§ Description of the task
Exact copies of the lines below are the goal; any images in them are dropped.

§ Information shown
[Start of Attachment]
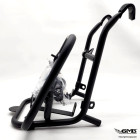 FA Italia Front Rack for Vespa All Classic Models - Black (fit Jerry Can 5 liters)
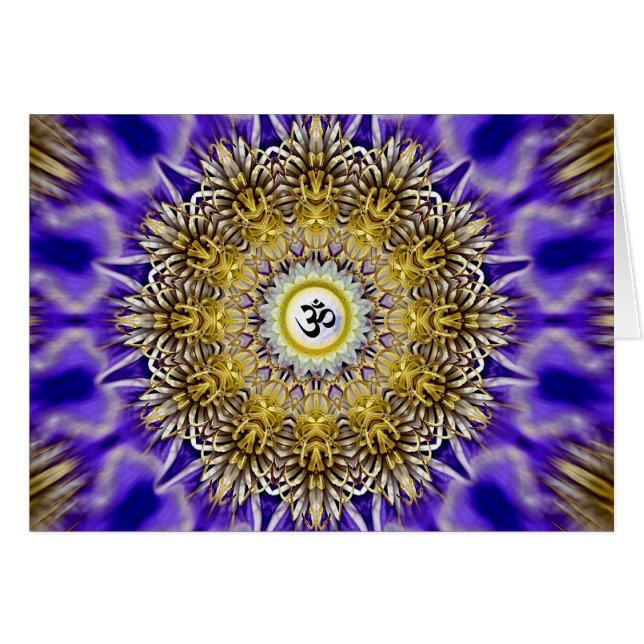 Clematis OM kardieren (Vorderseite (Horizontal))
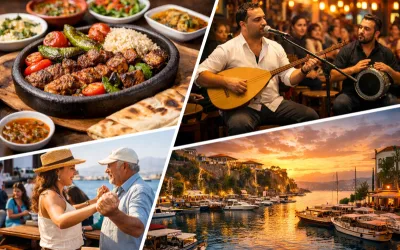 Antalya: Food, Music, People & True Local Experiences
[End of Attachment]
§ Your solution
 FA Italia Front Rack for Vespa All Classic Models - Black (fit Jerry Can 5 liters)
 Clematis OM kardieren (Vorderseite (Horizontal))
 Antalya: Food, Music, People & True Local Experiences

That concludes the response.